Leave the pictures in the listing below aside and reproduce exactly the lines starting with the one with "2018 .999 AG 10 Yuan NNC PR70 DCAM Panda" and going on through the one with "Florsheim Men Cap", both ends included.

▶ [Excerpted data]:
= Beginning of Section =

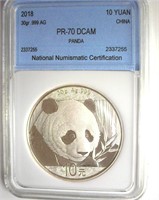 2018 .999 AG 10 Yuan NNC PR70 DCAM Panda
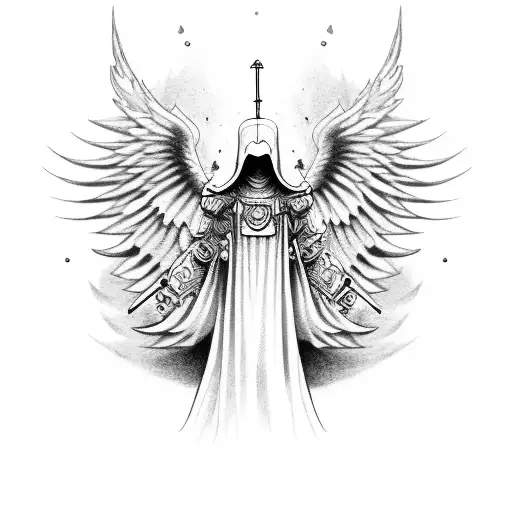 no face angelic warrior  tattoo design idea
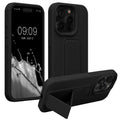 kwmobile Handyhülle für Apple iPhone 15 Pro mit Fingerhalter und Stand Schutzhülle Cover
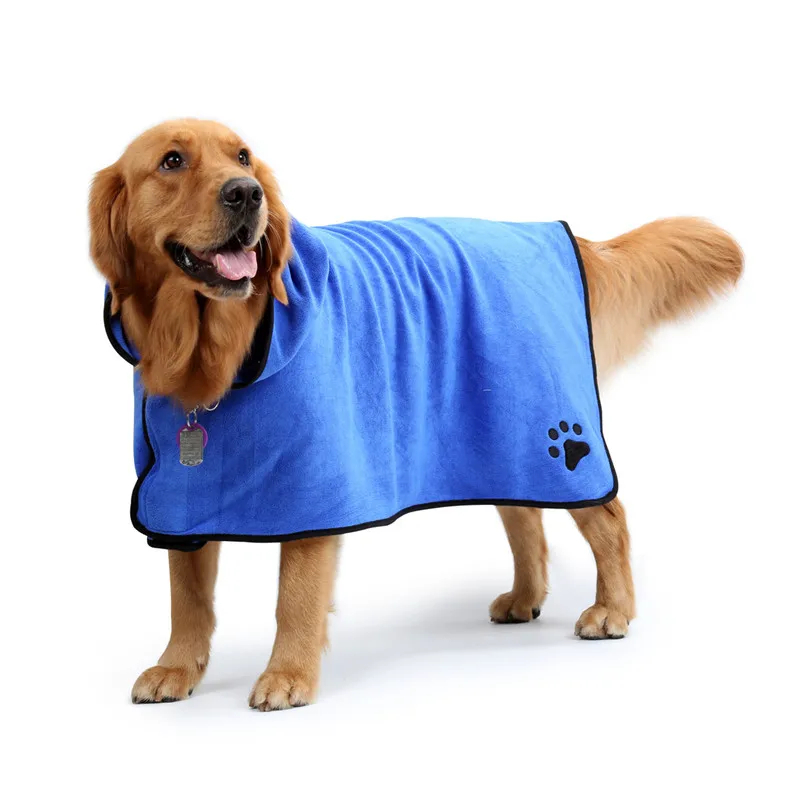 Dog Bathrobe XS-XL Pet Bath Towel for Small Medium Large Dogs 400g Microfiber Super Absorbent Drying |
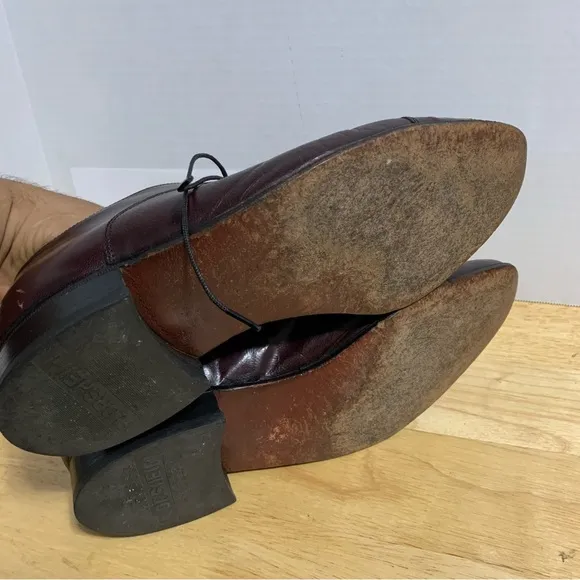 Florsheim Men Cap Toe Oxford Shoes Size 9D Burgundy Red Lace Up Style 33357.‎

= End of Section =
= Beginning of Section =

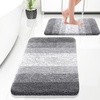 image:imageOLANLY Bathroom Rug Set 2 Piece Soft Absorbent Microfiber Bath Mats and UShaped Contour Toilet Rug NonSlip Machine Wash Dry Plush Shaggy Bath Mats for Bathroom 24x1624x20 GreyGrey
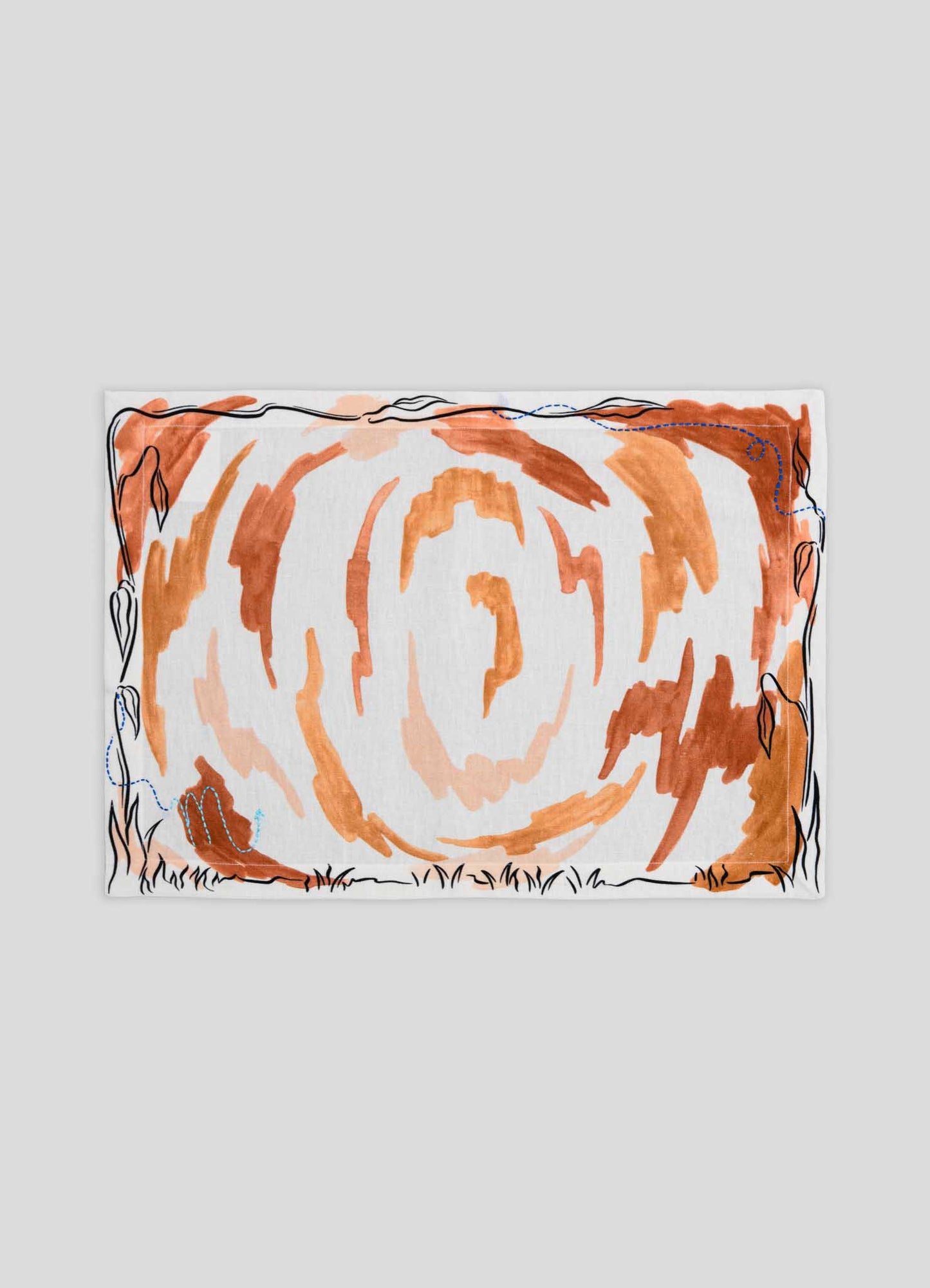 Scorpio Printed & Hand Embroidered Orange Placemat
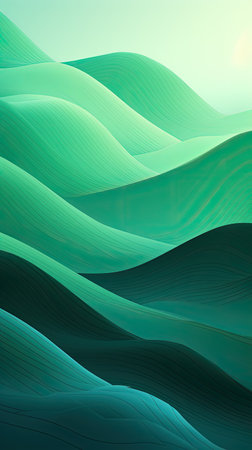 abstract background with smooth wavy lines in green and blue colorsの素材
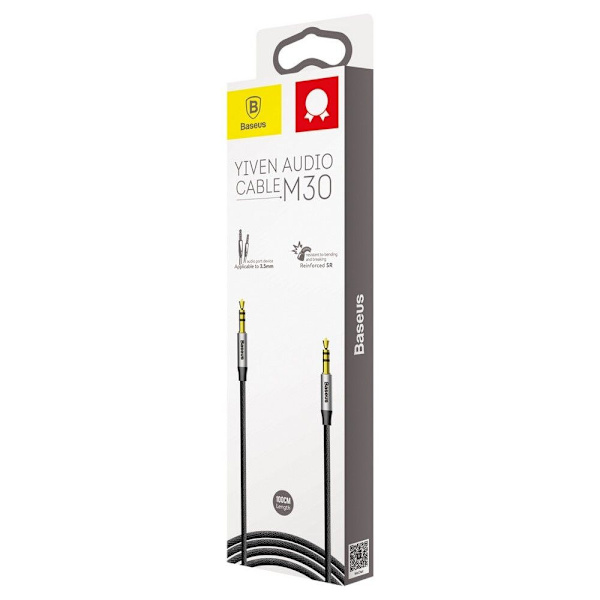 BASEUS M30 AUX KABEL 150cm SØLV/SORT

= End of Section =
= Beginning of Section =

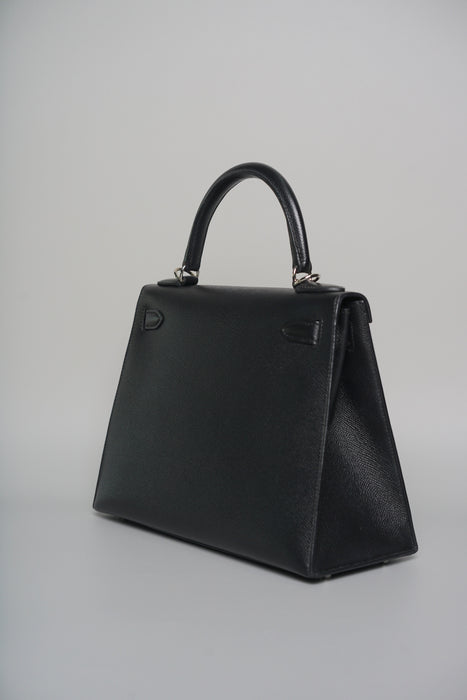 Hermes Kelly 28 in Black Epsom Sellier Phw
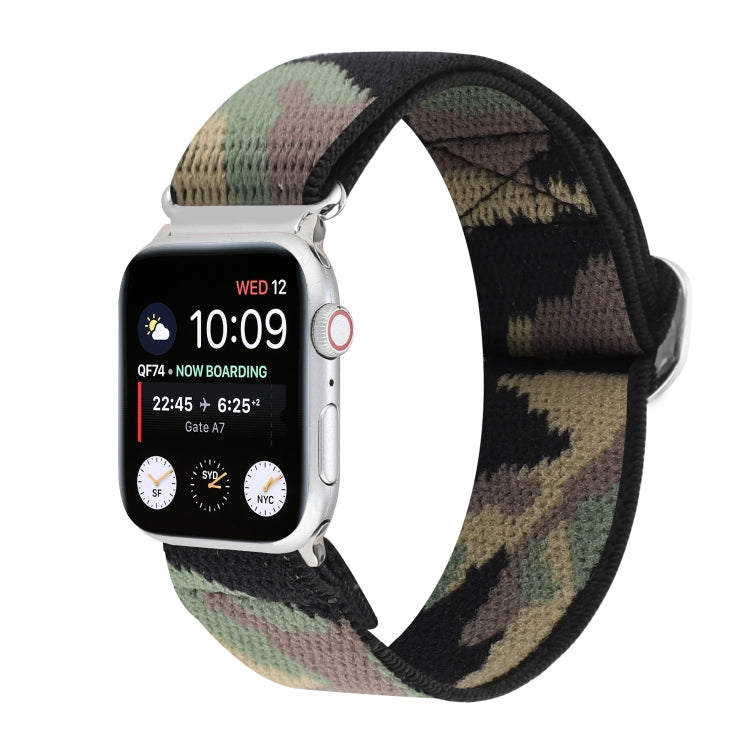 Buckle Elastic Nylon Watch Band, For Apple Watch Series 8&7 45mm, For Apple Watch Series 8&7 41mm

= End of Section =

▶ [Answer section]:
 2018 .999 AG 10 Yuan NNC PR70 DCAM Panda
 no face angelic warrior  tattoo design idea
 kwmobile Handyhülle für Apple iPhone 15 Pro mit Fingerhalter und Stand Schutzhülle Cover
 Dog Bathrobe XS-XL Pet Bath Towel for Small Medium Large Dogs 400g Microfiber Super Absorbent Drying |
 Florsheim Men Cap Toe Oxford Shoes Size 9D Burgundy Red Lace Up Style 33357.‎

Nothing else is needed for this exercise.